STORED DATA:
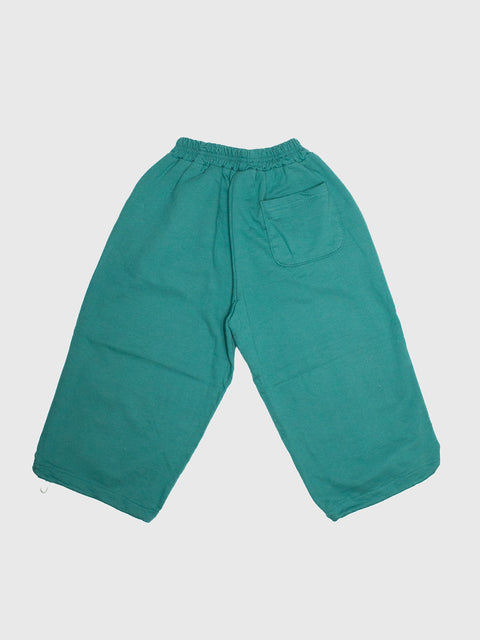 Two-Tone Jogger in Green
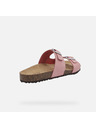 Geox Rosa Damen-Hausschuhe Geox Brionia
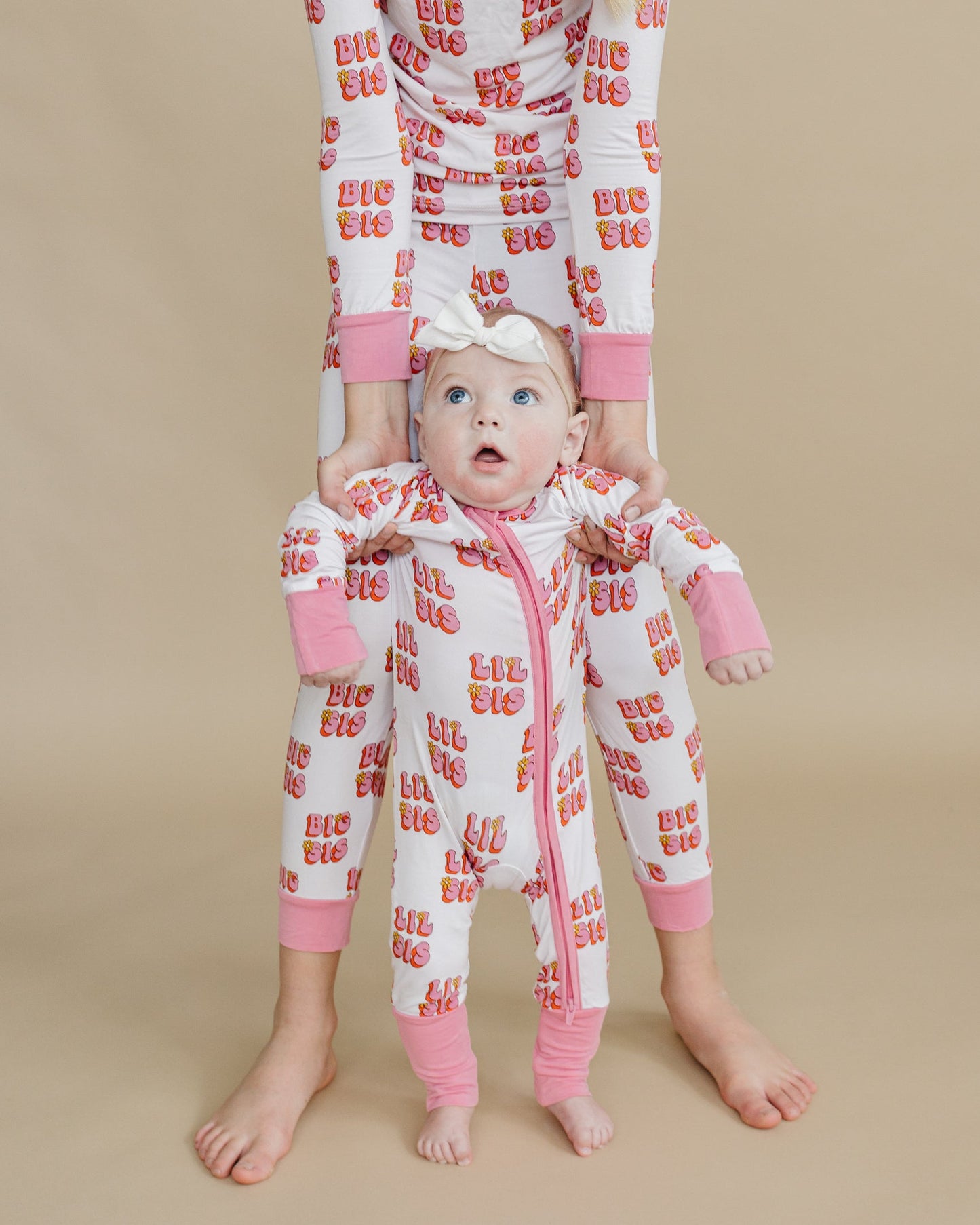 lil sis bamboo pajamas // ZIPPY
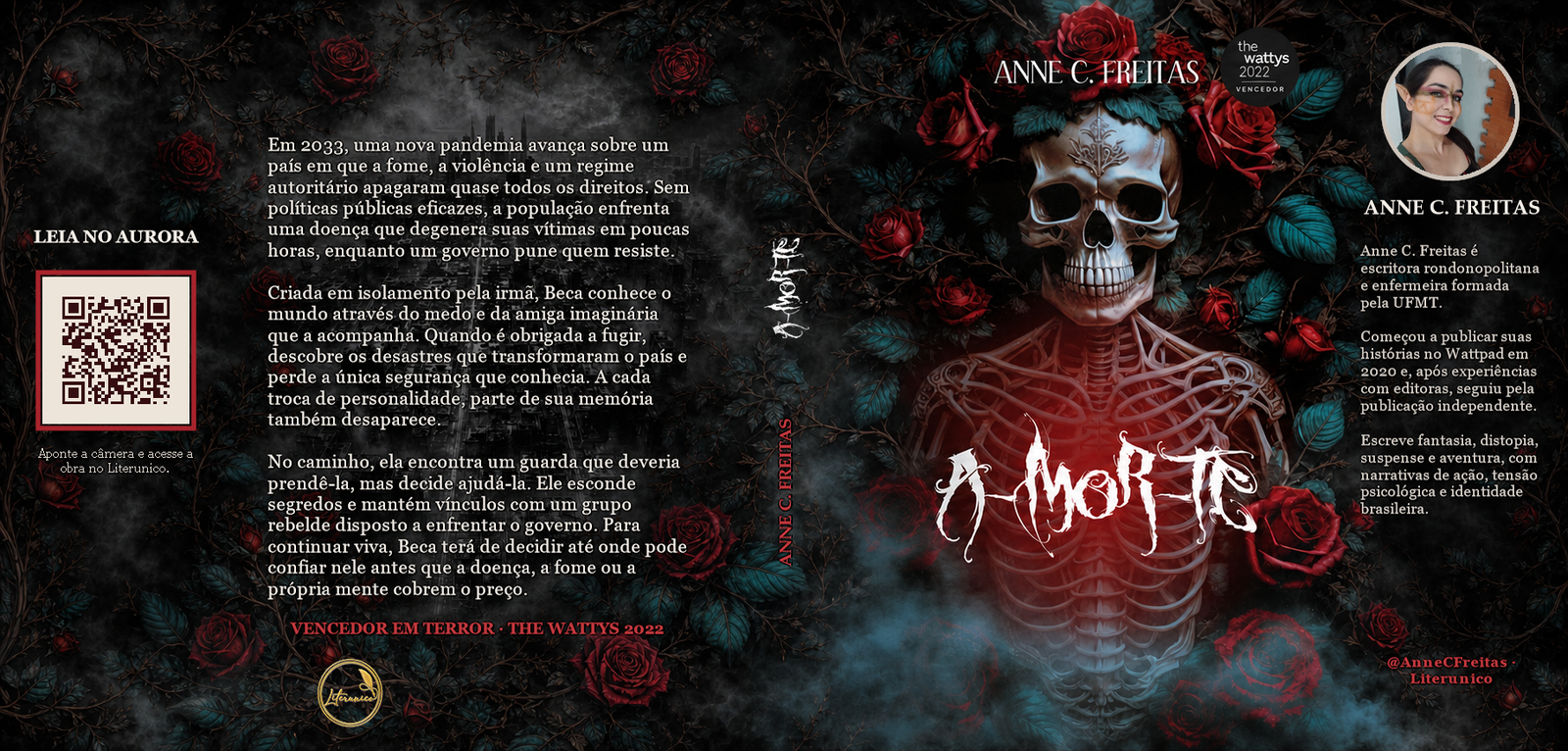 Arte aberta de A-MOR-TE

---

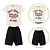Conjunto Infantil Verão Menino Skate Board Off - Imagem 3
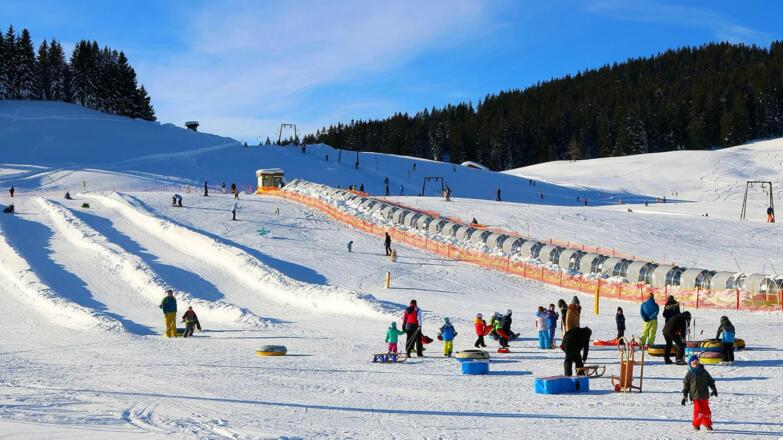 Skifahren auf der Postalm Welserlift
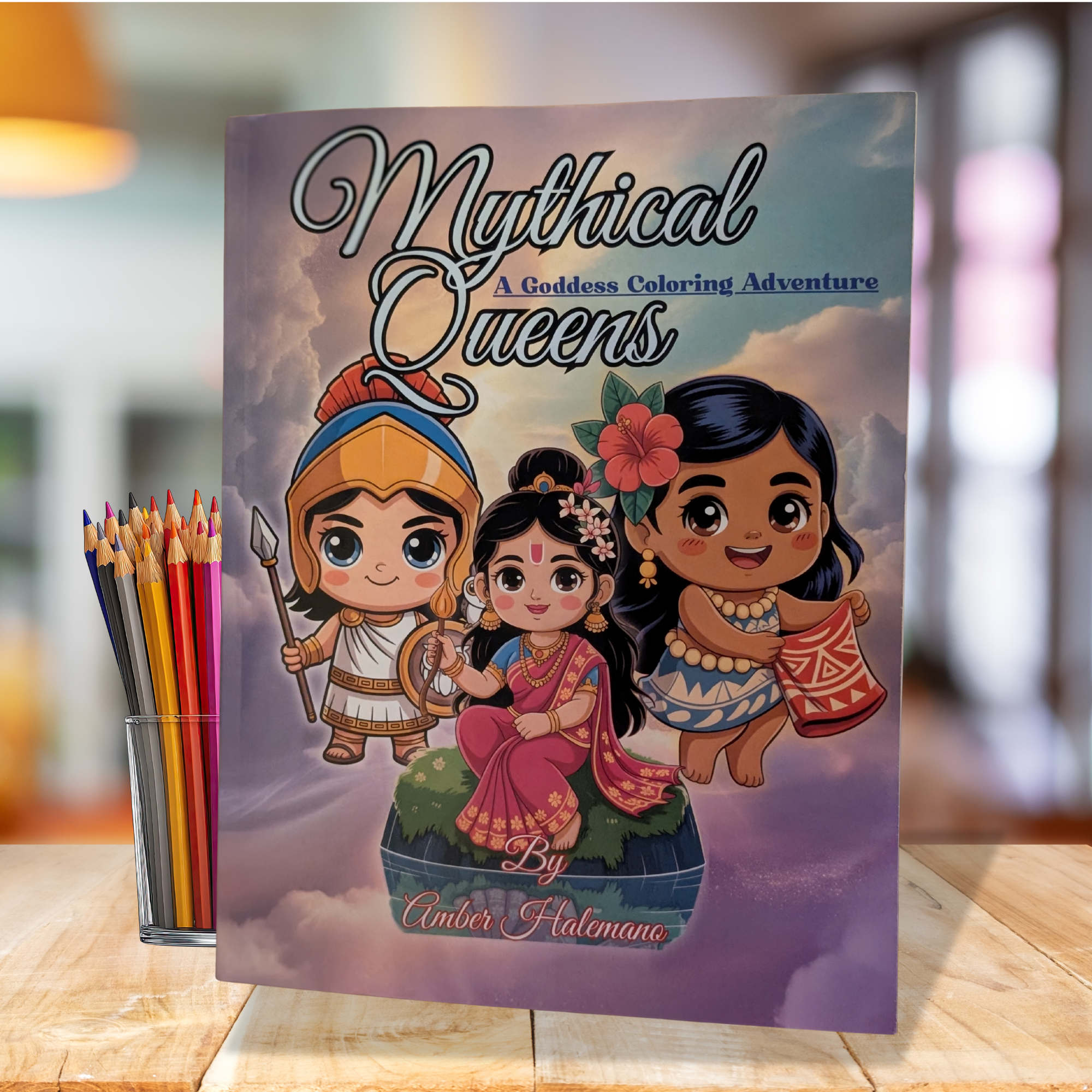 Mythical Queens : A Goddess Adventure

--

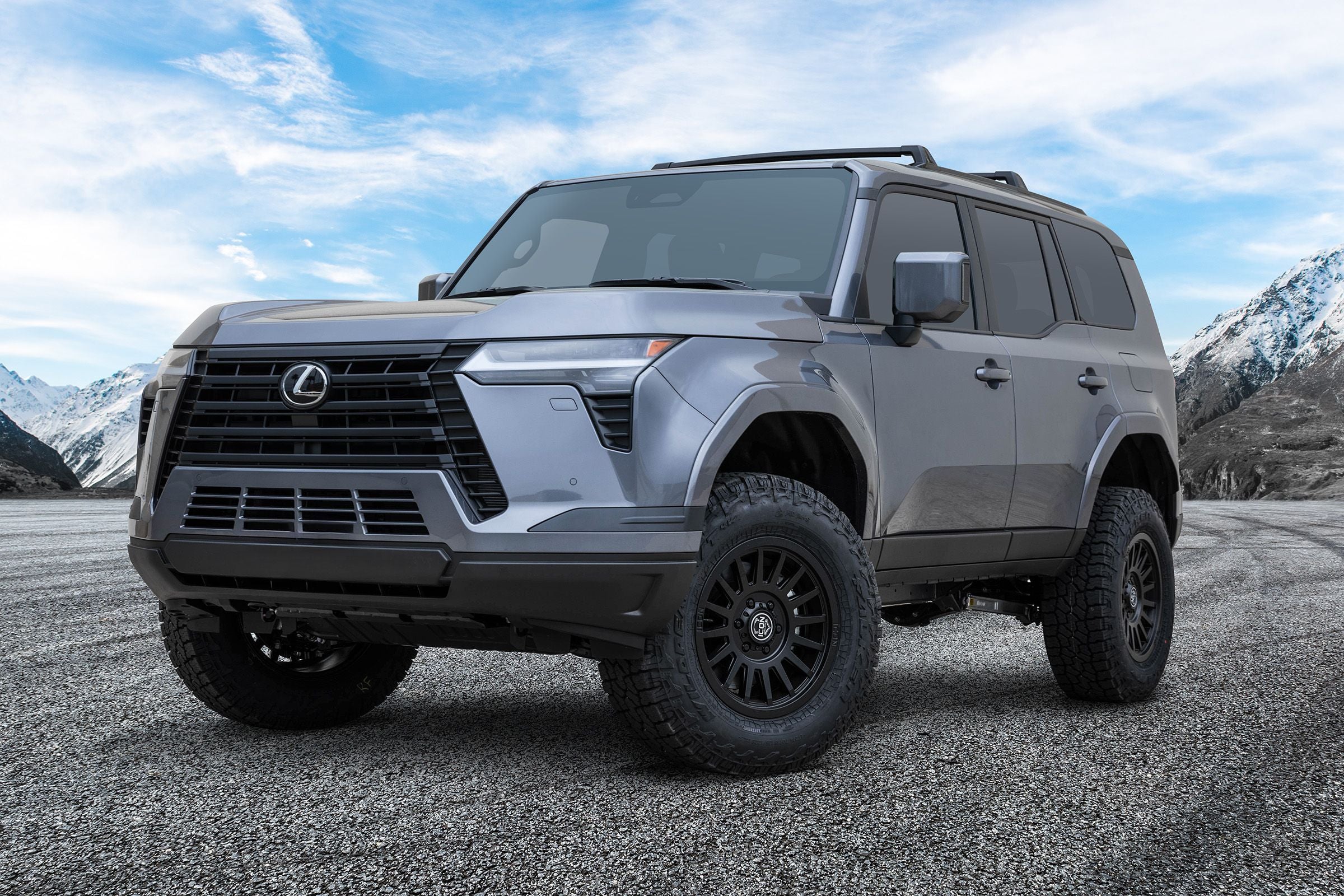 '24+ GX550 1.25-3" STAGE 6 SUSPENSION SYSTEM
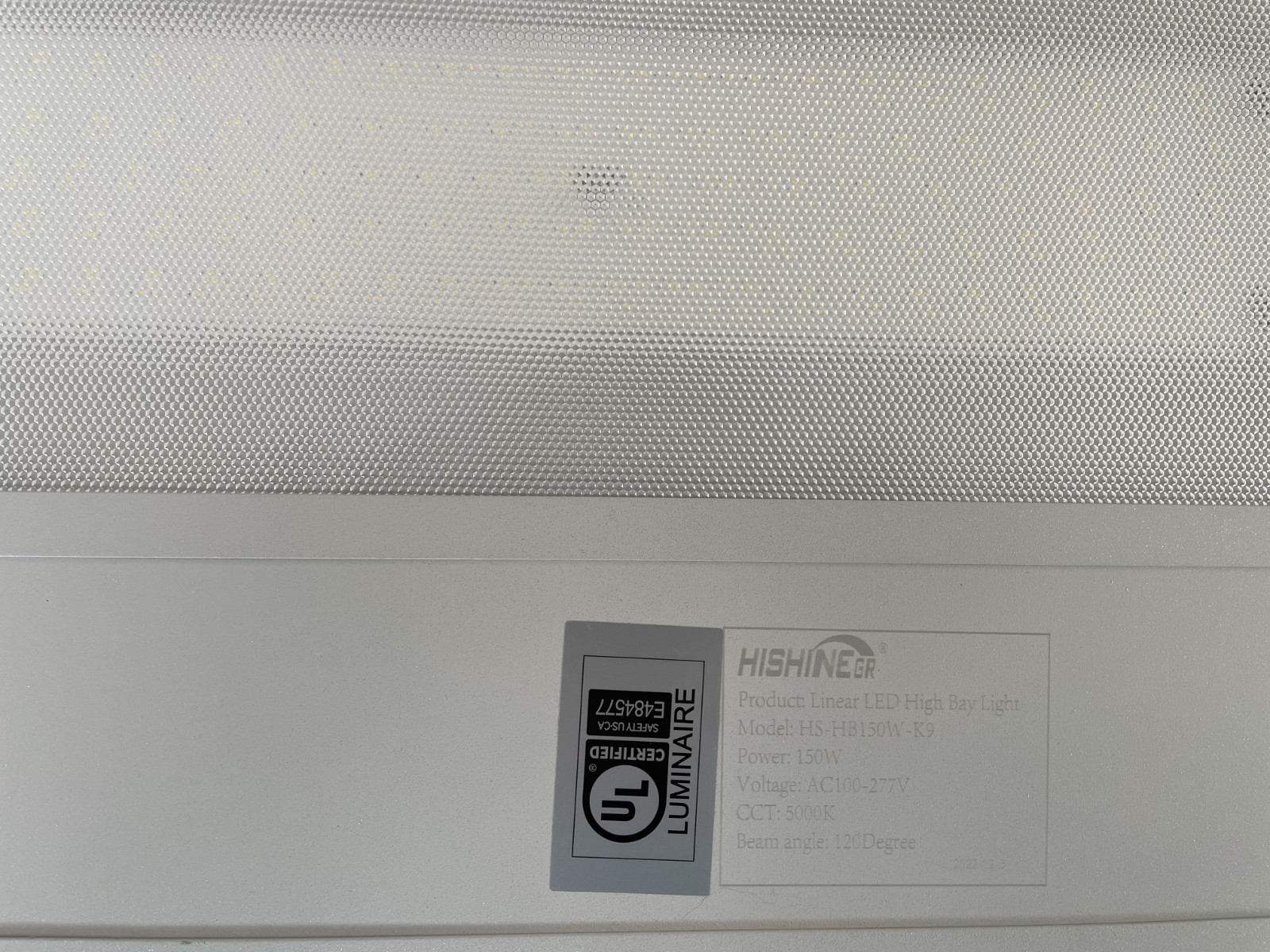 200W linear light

TASK GOAL: What you return from the records above should be exactly everything from the line with "Two-Tone Jogger in Green" down to the line with "Arte aberta de A-MOR-TE", both kept, and no pictures.

RESPONSE TO THE TASK:
 Two-Tone Jogger in Green
 Geox Rosa Damen-Hausschuhe Geox Brionia
 lil sis bamboo pajamas // ZIPPY
 Arte aberta de A-MOR-TE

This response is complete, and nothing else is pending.